■ What you will do ■
Would you please copy the part of the material below that opens with the line containing "Grandeur Sea Blue" and closes with the line containing "PA license plate MXF9136"? Copy it exactly, and only it.

■ Working data ■
+--
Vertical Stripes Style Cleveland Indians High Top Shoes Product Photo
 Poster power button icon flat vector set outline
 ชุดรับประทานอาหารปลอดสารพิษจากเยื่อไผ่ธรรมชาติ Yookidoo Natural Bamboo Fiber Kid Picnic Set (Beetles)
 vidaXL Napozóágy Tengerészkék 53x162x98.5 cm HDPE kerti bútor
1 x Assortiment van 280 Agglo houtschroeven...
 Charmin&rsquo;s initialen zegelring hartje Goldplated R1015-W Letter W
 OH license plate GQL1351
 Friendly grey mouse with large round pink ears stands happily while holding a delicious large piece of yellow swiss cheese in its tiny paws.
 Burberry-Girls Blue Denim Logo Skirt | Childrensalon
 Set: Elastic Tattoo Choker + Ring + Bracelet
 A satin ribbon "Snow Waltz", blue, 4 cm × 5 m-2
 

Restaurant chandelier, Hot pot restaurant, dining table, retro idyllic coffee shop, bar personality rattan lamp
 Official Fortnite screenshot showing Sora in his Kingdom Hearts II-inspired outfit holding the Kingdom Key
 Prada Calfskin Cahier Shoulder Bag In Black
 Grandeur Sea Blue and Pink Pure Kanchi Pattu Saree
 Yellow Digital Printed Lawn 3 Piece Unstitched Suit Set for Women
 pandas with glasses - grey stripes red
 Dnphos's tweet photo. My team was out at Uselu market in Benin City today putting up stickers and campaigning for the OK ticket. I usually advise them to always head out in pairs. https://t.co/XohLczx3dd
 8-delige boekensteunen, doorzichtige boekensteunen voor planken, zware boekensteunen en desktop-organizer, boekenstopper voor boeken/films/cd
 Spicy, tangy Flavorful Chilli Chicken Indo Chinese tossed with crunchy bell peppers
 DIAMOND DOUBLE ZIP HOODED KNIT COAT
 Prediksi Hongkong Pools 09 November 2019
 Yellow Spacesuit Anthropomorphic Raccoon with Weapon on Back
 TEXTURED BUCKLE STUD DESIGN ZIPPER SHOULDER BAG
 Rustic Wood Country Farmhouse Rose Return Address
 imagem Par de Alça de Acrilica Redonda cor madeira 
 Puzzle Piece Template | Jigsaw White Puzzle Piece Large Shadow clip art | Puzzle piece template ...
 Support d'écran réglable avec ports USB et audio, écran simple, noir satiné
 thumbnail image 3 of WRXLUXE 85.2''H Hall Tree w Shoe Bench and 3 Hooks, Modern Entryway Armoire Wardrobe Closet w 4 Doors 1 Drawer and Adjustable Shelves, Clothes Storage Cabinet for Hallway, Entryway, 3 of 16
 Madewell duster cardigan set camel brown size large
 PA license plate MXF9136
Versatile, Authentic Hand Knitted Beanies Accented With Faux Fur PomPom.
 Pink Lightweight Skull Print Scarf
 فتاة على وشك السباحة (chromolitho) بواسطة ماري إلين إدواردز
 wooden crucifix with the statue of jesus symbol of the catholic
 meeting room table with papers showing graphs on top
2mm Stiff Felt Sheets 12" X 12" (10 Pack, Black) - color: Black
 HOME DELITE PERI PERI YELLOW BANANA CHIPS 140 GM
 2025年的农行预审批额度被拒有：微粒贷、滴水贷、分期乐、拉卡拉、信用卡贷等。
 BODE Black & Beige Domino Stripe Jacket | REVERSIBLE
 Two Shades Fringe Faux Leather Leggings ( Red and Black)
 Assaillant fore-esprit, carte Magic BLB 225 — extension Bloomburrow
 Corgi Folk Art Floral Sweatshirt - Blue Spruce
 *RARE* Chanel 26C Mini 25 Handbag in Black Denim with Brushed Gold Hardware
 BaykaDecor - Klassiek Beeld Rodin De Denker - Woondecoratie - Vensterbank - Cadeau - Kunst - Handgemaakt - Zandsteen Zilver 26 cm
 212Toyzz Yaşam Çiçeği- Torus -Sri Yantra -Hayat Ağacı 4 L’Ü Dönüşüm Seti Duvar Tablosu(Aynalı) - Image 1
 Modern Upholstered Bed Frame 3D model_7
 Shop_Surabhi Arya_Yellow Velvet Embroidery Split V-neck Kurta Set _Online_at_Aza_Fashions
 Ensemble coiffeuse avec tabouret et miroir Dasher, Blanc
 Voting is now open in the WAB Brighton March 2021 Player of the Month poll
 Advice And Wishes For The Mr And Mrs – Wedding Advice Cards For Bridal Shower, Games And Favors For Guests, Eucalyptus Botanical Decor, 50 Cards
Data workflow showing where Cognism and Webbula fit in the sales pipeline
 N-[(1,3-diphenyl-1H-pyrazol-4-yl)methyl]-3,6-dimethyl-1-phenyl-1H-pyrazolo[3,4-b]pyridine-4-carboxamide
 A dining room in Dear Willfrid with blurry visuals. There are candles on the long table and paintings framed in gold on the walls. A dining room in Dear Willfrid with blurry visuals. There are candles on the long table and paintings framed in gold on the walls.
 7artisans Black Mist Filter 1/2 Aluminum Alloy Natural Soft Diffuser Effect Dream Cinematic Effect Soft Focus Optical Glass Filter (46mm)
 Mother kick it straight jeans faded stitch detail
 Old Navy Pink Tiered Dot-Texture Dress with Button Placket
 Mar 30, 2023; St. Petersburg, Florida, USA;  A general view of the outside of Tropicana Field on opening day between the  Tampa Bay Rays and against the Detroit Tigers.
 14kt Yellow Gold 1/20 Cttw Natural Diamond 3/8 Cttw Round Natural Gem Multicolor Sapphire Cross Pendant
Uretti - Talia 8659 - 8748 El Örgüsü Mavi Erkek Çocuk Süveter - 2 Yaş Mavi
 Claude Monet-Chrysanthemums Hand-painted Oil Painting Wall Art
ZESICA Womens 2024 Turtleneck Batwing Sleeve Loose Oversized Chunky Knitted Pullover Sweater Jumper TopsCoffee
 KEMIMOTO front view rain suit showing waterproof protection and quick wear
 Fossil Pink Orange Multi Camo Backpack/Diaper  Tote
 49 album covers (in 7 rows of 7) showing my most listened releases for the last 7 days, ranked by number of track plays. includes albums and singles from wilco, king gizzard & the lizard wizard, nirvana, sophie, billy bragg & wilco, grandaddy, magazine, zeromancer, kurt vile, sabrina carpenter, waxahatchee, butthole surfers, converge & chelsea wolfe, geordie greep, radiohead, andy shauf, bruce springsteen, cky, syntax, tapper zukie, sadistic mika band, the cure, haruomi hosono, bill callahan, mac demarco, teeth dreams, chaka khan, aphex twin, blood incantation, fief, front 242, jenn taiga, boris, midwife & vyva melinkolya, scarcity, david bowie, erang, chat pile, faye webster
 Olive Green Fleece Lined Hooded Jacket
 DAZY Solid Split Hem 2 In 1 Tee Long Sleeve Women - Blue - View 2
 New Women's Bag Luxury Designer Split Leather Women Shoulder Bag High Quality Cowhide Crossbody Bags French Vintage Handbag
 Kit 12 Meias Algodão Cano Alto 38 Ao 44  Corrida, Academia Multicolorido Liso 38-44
+--
■ The completed task ■
 Grandeur Sea Blue and Pink Pure Kanchi Pattu Saree
 Yellow Digital Printed Lawn 3 Piece Unstitched Suit Set for Women
 pandas with glasses - grey stripes red
 Dnphos's tweet photo. My team was out at Uselu market in Benin City today putting up stickers and campaigning for the OK ticket. I usually advise them to always head out in pairs. https://t.co/XohLczx3dd
 8-delige boekensteunen, doorzichtige boekensteunen voor planken, zware boekensteunen en desktop-organizer, boekenstopper voor boeken/films/cd
 Spicy, tangy Flavorful Chilli Chicken Indo Chinese tossed with crunchy bell peppers
 DIAMOND DOUBLE ZIP HOODED KNIT COAT
 Prediksi Hongkong Pools 09 November 2019
 Yellow Spacesuit Anthropomorphic Raccoon with Weapon on Back
 TEXTURED BUCKLE STUD DESIGN ZIPPER SHOULDER BAG
 Rustic Wood Country Farmhouse Rose Return Address
 imagem Par de Alça de Acrilica Redonda cor madeira 
 Puzzle Piece Template | Jigsaw White Puzzle Piece Large Shadow clip art | Puzzle piece template ...
 Support d'écran réglable avec ports USB et audio, écran simple, noir satiné
 thumbnail image 3 of WRXLUXE 85.2''H Hall Tree w Shoe Bench and 3 Hooks, Modern Entryway Armoire Wardrobe Closet w 4 Doors 1 Drawer and Adjustable Shelves, Clothes Storage Cabinet for Hallway, Entryway, 3 of 16
 Madewell duster cardigan set camel brown size large
 PA license plate MXF9136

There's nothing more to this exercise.